▸ **EXERCISE**
Only the lines from the line containing "Accesați vizualizarea pe" through the final line of the entries should be printed, exactly as given, with the pictures left out.
++++ MATERIAL SUPPLIED
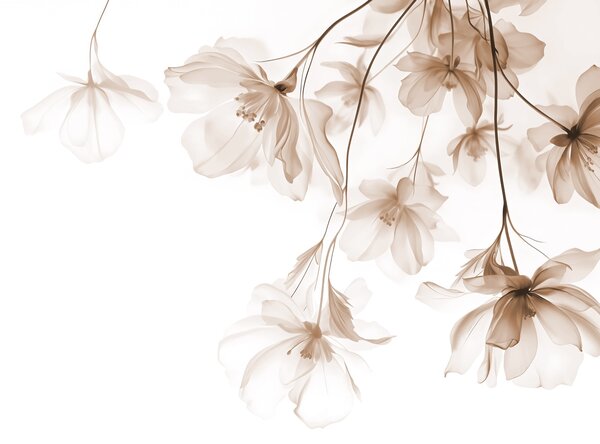 Fotótapéta Bézs virágok áttetsző szirmokkal lógnak egy ágról, bézs és fehér,, Fotótapéta erdő, Fotótapéta erdő fák, w08911v1 : Uwalls.hu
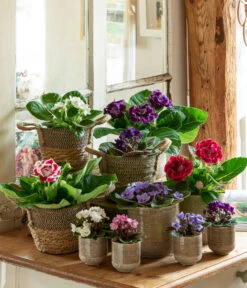 Dehner Seegras-Korb Lilja, Konisch -Gartenbedarf Angebote 6739577 WE MO 001 TopfIssa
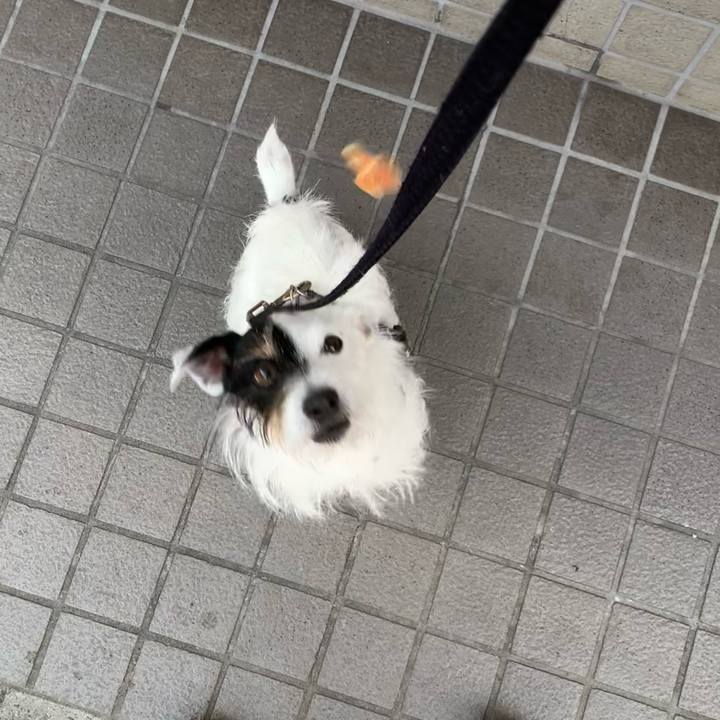 4779c897 df5d 4b5d b5aa ea40485dce06 1676770249507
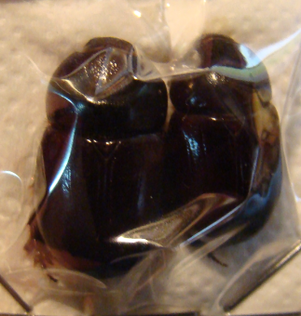 Cheiroplatys volsellus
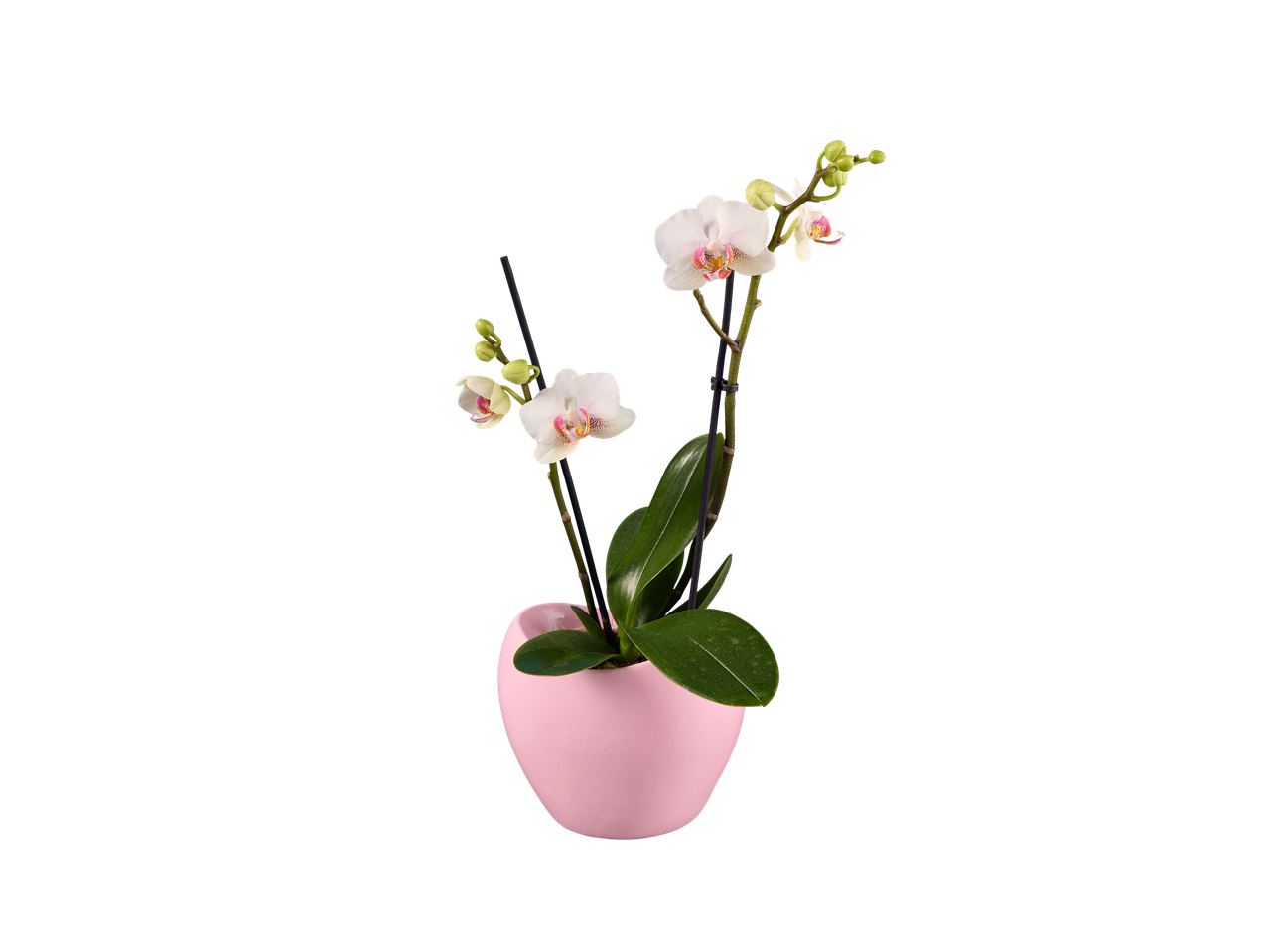 Accesați vizualizarea pe ecran complet: Phalaenopsis în ghiveci ceramic - Imagine 3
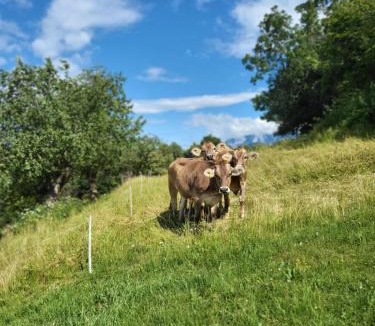 Tolmin Other | Oddih pr Toniqu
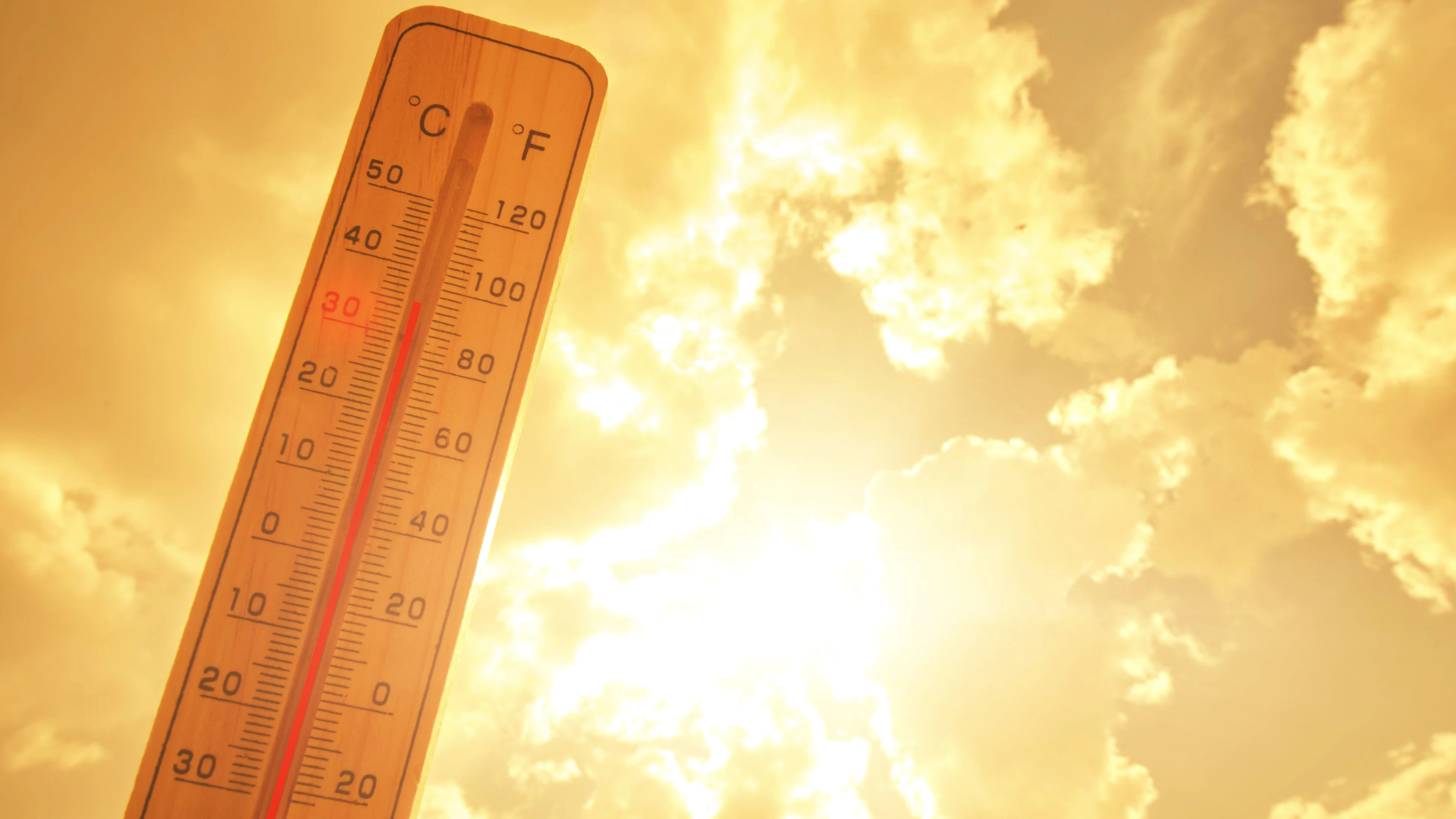 Die Temperaturen werden die 30-Grad-Marke wieder locker überspringen.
++++++++
▸ **SOLVED EXERCISE**
 Accesați vizualizarea pe ecran complet: Phalaenopsis în ghiveci ceramic - Imagine 3
 Tolmin Other | Oddih pr Toniqu
 Die Temperaturen werden die 30-Grad-Marke wieder locker überspringen.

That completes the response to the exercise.